Design Considerations

  • Stake Parameters: Define minimum stake requirements that ensure security while allowing broad participation. Consider dynamic adjustments based on network size or demand, where requirements fluctuate with available storage capacity.
  • Reward Distribution: Implement performance-based rewards, using metrics like uptime, accuracy, or efficiency to allocate payouts. Use tiered multipliers or reputation scoring to favor consistent, high-quality contributions while penalizing unreliable participants.
  • Slashing Conditions: Establish clear misconduct penalties, with different severity levels (e.g., partial slashing for minor faults, full slashing for malicious actions). Introduce gradual slashing to allow time for dispute resolution before irreversible penalties.
  • Delegation: Consider allowing stake delegation to service providers, where passive token holders can delegate their stake in exchange for a share of earnings. Implement slashing delegation—where delegators share in provider penalties—to prevent misaligned incentives.
  • Provider Caps: The set of active providers may be unbounded, statically bounded, or dynamically bounded based on network conditions such that sufficient supply is available while maintaining profitability for providers.

Examples

Filecoin

Requires storage providers to stake FIL tokens as collateral to participate and earn rewards.
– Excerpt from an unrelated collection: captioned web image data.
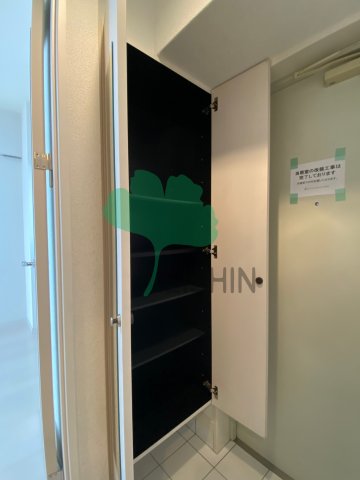 玄関　下駄箱もしっかりついてます！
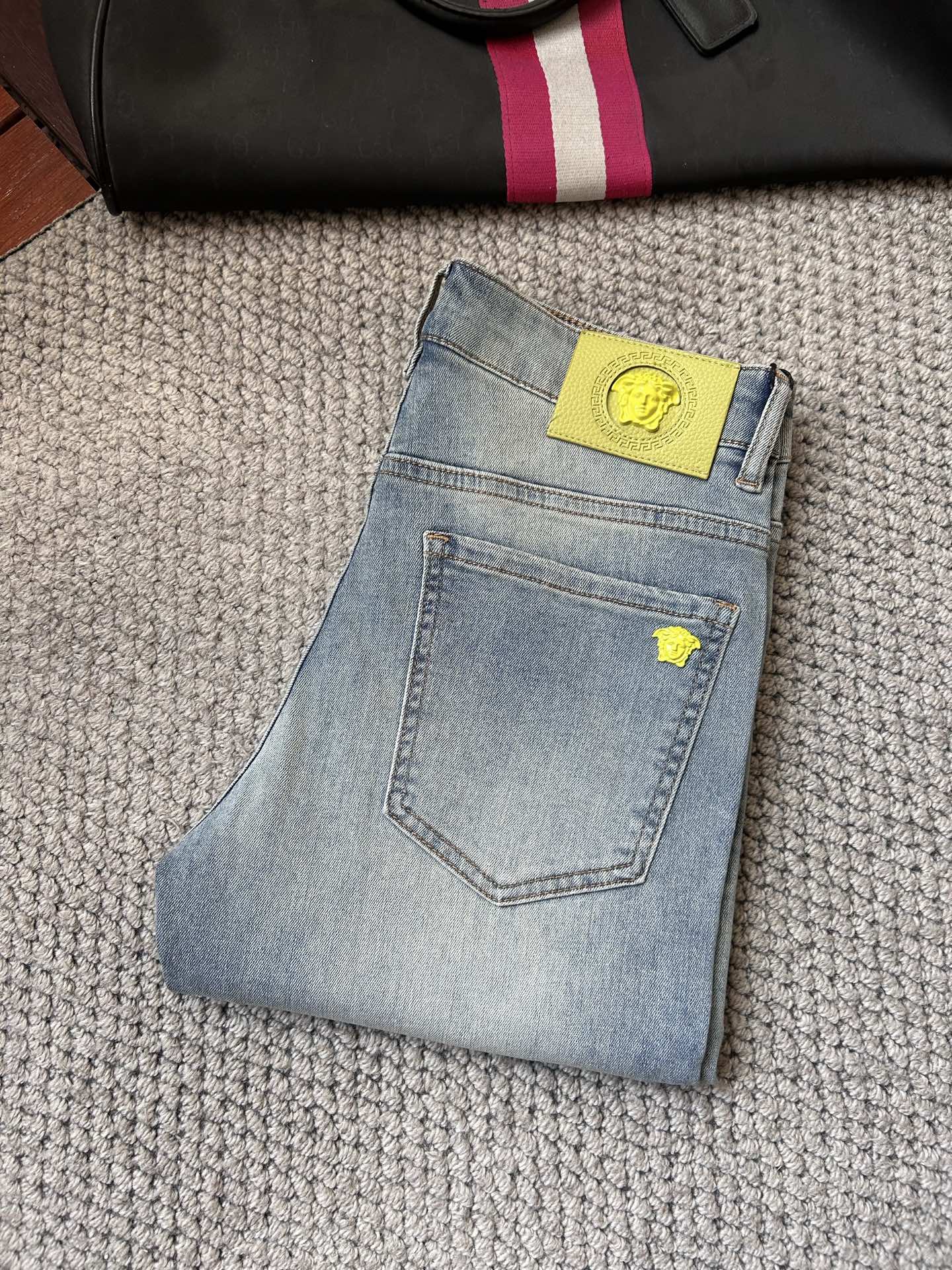 NO:871470,Versace's 2026 spring and summer new men's jeans are made of imported denim fabrics, heavy-duty and environmentally friendly washing, soft to the touch and wear-resistant, small straight version, slightly elastic, slimming, perfect details, high-quality hardware and accessories, fine workmanship, extraordinary, code number 28-38, shipped next day,,versace,jeans,19860909范思‘’ 2026春夏新款男士牛仔裤 精选进口丹宁牛仔面料 重工环保洗水 手感柔和 兼备耐磨性 版型小直筒 微弹力显瘦修身,细节完美,五金辅料精选高等品质,做工精细,绝非凡品,码数28-38,隔天出货,,versace,jeans,,Men's clothing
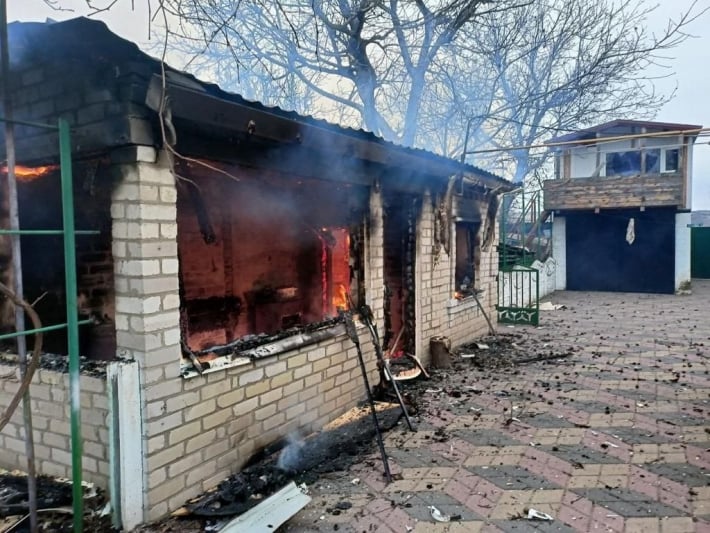 Оккупанты обстреляли жилые дома в Запорожской области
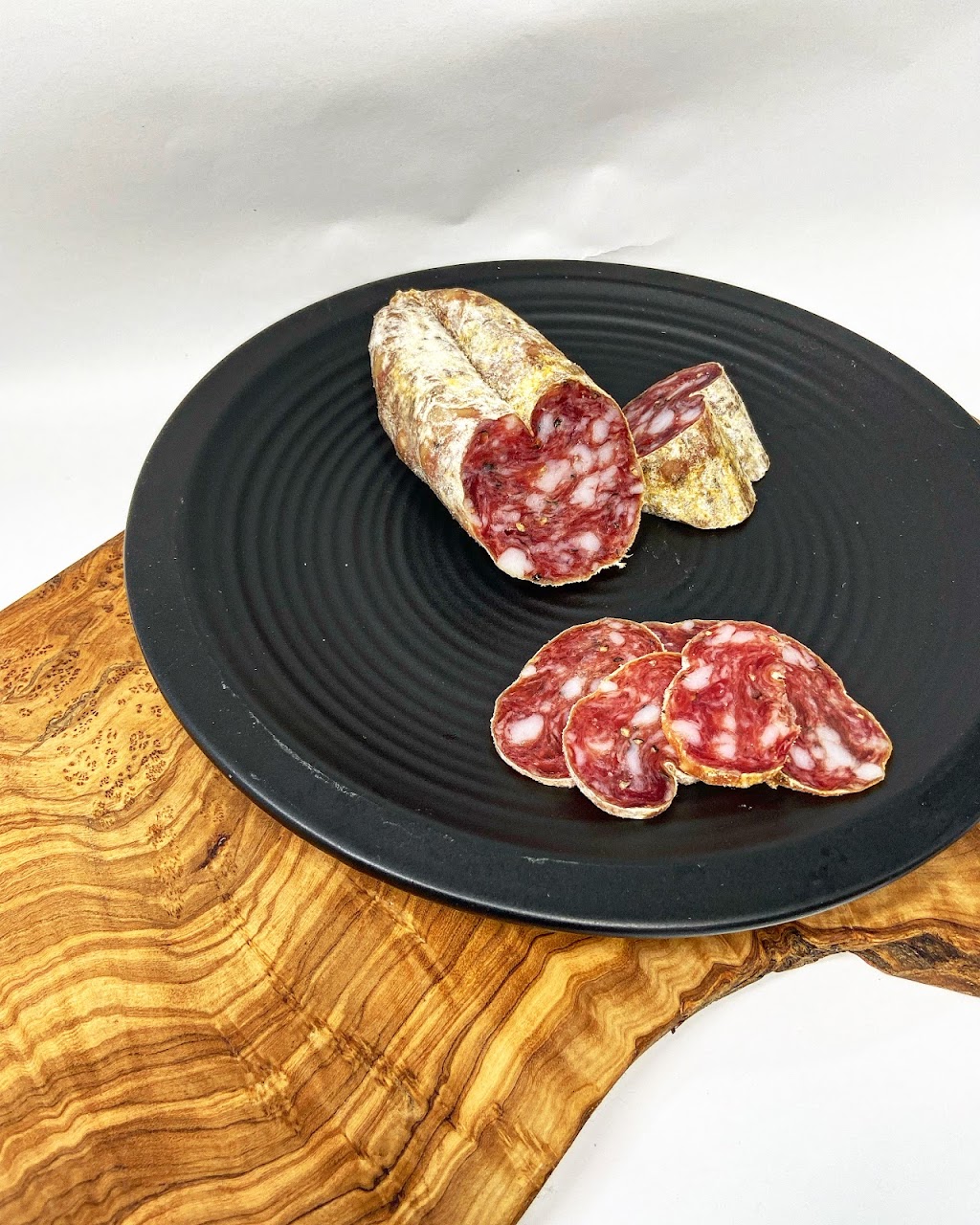 Charcuterie La Cantina | 1440 Rue Principale, Saint-Albert, QC J0A 1E0, Canada | Phone: (873) 665-6013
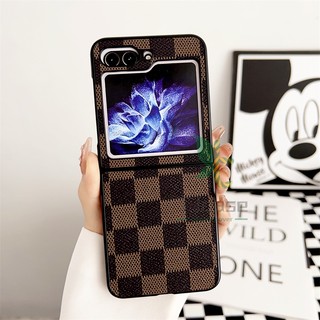 Bao da in hình cổ điển mỏng bao da samsung galaxy z flip 5 z flip 4 z flip 3 matte squares hình hoa vỏ cứng pc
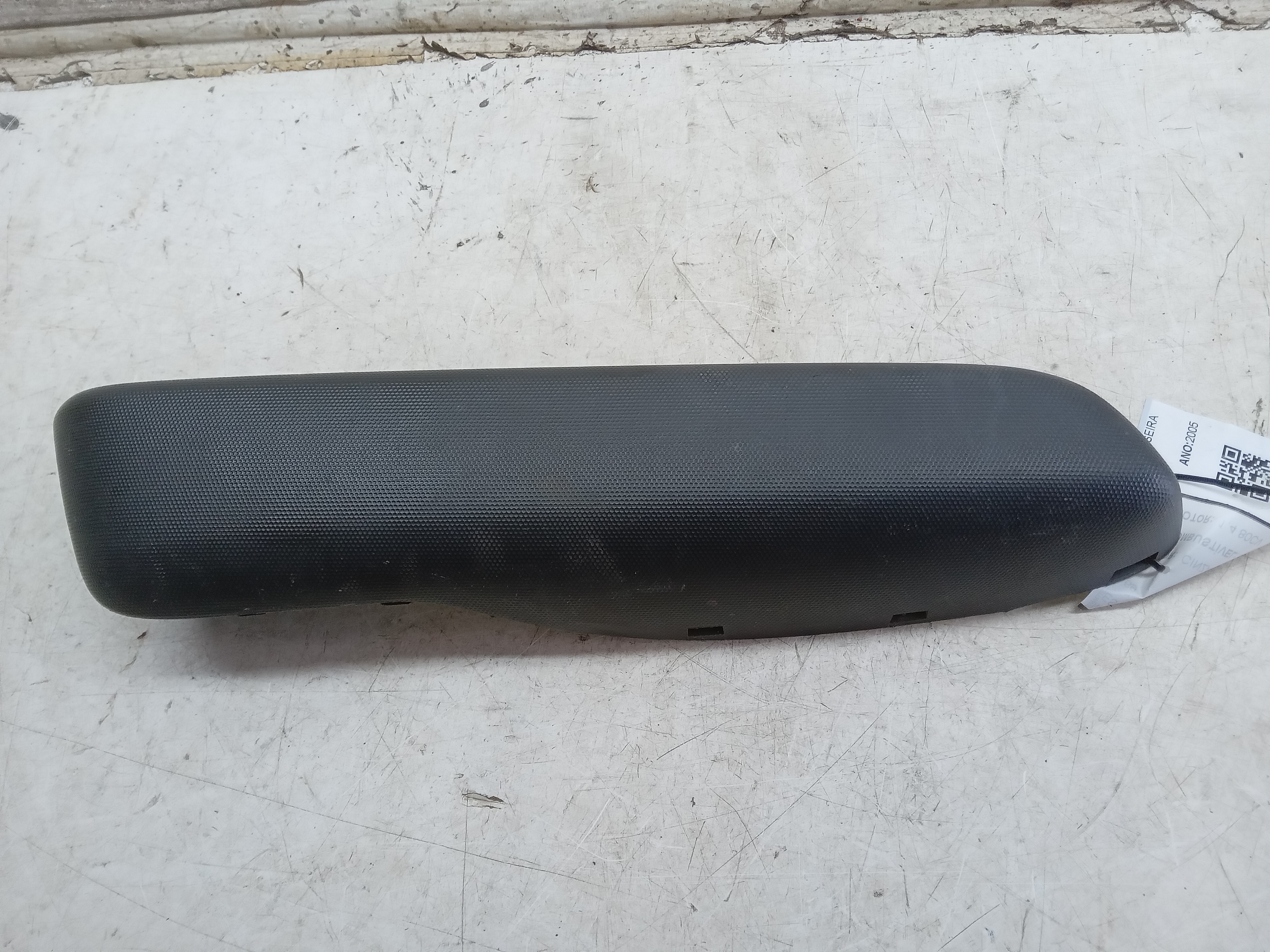 MOLDURA PUXADOR PORTA TRASEIRA ESQUERDA Honda Fit 2005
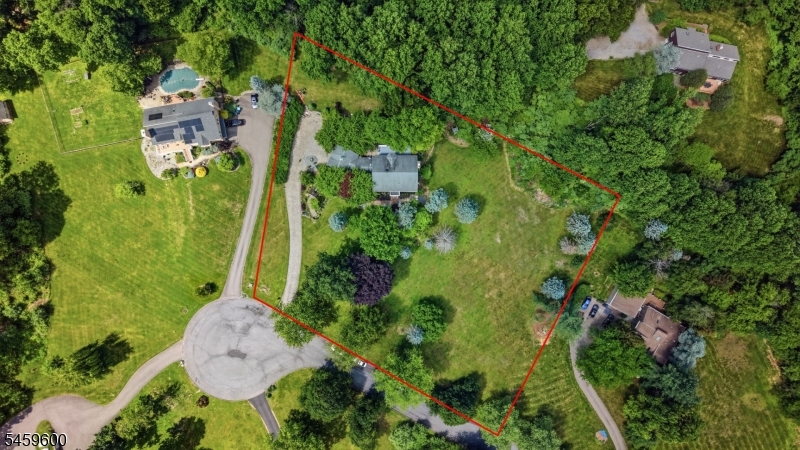 main property photo 48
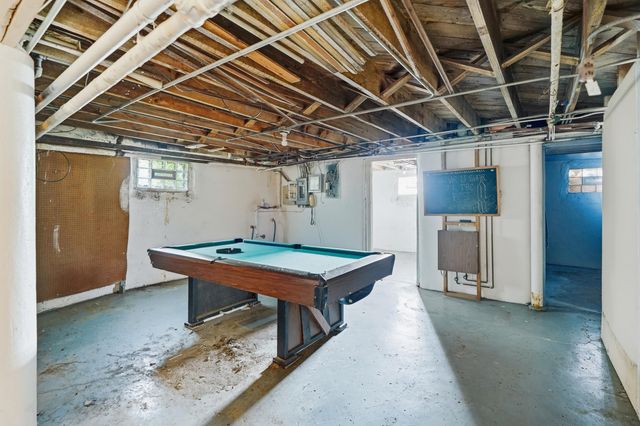50 Highland Street, Hammond, IN 46320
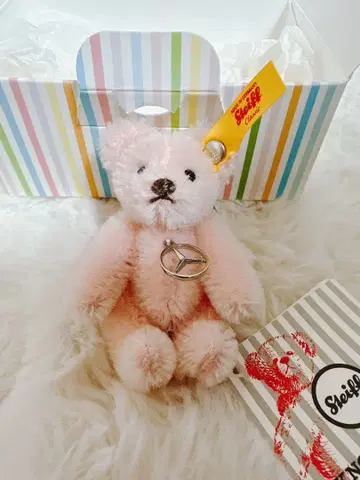 새상품 메르세데스 x Steiff 핑크 테디베어 키링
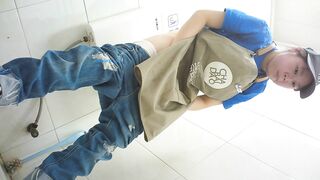 精品厕拍】，脸逼同框高清偷拍女蹲厕，各种类型小姐姐方便，微胖小妹闻自己内裤上的白带有无异味4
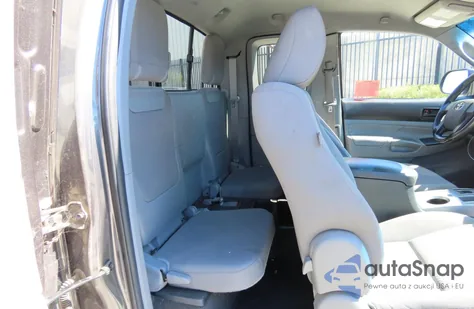 2012 Toyota Tacoma Prerunner Access Cab z USA, uszkodzony, nr VIN 5TFTU4GN1CX024135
Using Proof-of-Spacetime (PoSt), providers must submit zk-SNARK proofs during 30-minute WindowPoSt deadlines to verify storage availability and integrity, with penalties like slashing imposed for failures. FIL collateral requirements scale with storage volume and include mechanisms such as initial pledge collateral, block rewards as collateral, and deal-specific collateral to align incentives. Block rewards are distributed through WinningPoSt, where providers with more storage power are likelier to earn FIL.

Augur

First onchain prediction market launched on Ethereum in 2018, pioneering the use of REP tokens for market creation and resolution. Allowed users to create categorical markets with up to seven options or scalar markets for numerical outcomes, using a reporting system where REP token holders are incentivized to verify real-world outcomes.

Livepeer

Video computing network where token holders can stake their LPT to participate in the network as orchestrators or delegators. Orchestrators are node operators who perform video transcoding work. They stake LPT as collateral to signal their commitment to the network. Delegators are token holders who don't want to run nodes and delegate their LPT to orchestrators, sharing in the rewards. The network distributes newly minted LPT as rewards to participants based on their stake and work performed. Misbehaving orchestrators can have their stake slashed, providing an economic incentive for good behavior.

Truebit

Computational oracle that uses work tokens to coordinate offchain computation verification. Solvers stake tokens to submit solutions to computational tasks, while verifiers can challenge incorrect solutions. The protocol implements a two-layer verification system: a consensus layer where anyone can object to faulty solutions, and an onchain incentive mechanism ensuring fair compensation for correct computations.